- _EXERCISE INPUT_
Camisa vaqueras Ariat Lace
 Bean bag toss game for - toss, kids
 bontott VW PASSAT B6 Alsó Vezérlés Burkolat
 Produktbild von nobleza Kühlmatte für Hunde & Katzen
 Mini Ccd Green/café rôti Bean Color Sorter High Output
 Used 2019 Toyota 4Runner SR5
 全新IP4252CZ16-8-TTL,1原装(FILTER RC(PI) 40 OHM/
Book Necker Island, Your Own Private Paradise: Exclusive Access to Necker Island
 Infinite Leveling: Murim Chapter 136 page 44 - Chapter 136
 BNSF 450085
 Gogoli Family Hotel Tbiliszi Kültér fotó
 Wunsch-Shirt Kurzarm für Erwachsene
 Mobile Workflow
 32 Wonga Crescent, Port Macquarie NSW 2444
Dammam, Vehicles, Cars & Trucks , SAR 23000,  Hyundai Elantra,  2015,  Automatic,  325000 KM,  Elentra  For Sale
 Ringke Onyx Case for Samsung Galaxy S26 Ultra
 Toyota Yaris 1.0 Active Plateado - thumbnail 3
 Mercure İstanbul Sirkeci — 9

- _WHAT IS REQUIRED_
Counting the lines above that hold "Bean", reply with the number and no other words.

- _RESULT BELOW_
2